The following SFINAE-friendly approach seems to work as desired (see below for exceptions):
#include <type_traits>
namespace detail {
struct empty {};
template <typename T>
using base = std::conditional_t<std::is_class<T>{} && not std::is_final<T>{},
T, empty>;
struct P1 {typedef int begin, end;};
template <typename U>
struct TestMemType : base<U>, P1 {
template <typename T=TestMemType, typename=typename T::begin>
static std::true_type test_begin(int);
template <typename T=TestMemType, typename=typename T::end>
static std::true_type test_end(int);
static std::false_type test_begin(float), test_end(float);
};
template <typename T>
constexpr bool hasMember = !decltype(TestMemType<T>::test_begin(0)){}
|| !decltype(TestMemType<T>::test_end(0)){};
//! Step 1
template <typename T, std::size_t N>
constexpr auto begin(int, T(&a)[N]) {return a;}
template <typename T, std::size_t N>
constexpr auto end(int, T(&a)[N]) {return a+N;}
//! Step 2 - this overload is less specialized than the above.
template <typename T>
constexpr auto begin(int, T& a) -> decltype(a.begin()) {return a.begin();}
template <typename T>
constexpr auto end(int, T& a) -> decltype(a.end()) {return a.end();}
//! Step 3
namespace nested_detail {
void begin(), end();
template <typename T>
constexpr auto begin_(T& a) -> decltype(begin(a)) {return begin(a);}
template <typename T>
constexpr auto end_(T& a) -> decltype(end(a)) {return end(a);}
}
template <typename T, typename=std::enable_if_t<not hasMember<std::decay_t<T>>>>
constexpr auto begin(float, T& a) -> decltype(nested_detail::begin_(a))

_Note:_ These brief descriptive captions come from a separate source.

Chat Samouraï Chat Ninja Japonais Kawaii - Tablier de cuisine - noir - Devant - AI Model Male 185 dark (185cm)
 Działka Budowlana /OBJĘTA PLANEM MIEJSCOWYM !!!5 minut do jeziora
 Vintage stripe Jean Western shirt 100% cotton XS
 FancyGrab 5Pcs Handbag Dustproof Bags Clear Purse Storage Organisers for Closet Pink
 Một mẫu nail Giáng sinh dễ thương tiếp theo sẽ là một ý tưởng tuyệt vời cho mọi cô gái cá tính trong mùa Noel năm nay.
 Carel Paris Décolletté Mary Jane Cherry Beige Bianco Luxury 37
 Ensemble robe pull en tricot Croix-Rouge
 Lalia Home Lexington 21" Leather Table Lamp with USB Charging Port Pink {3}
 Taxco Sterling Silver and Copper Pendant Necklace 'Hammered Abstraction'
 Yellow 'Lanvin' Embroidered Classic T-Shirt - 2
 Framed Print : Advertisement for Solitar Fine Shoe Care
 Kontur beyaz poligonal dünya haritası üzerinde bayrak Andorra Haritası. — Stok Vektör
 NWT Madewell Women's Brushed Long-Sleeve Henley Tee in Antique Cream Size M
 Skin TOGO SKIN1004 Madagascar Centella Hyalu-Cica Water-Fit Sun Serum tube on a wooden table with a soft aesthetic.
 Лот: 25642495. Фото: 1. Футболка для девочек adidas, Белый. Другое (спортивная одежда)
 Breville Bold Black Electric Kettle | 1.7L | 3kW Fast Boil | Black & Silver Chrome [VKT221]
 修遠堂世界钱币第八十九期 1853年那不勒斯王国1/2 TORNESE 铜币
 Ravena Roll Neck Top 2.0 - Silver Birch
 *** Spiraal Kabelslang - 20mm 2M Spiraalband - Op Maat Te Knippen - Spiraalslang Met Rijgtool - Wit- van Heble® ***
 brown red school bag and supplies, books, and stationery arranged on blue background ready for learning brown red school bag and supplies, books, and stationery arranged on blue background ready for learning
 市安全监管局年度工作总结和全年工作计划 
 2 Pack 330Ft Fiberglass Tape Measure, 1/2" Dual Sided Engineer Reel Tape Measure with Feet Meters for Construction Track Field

{return nested_detail::begin_(a);}
template <typename T, typename=std::enable_if_t<not hasMember<std::decay_t<T>>>>
constexpr auto end(float, T& a) -> decltype(nested_detail::end_(a))
{return nested_detail::end_(a);}
}
template <typename T>
constexpr auto magic_begin(T& a) -> decltype(detail::begin(0, a))
{return detail::begin(0, a);}
template <typename T>
constexpr auto magic_end (T& a) -> decltype(detail::end (0, a))
{return detail:: end(0, a);}
Demo. Note that GCCs lookup is broken as it doesn't consider non-type names for typename T::begin
in TestMemType::test_end/begin
. A workaround sketch can be found here.
The check in step 2 requires that the class type be derivable, which implies that this method doesn't properly work with final
classes or unions - if those have an inaccessible member with name begin
/end
.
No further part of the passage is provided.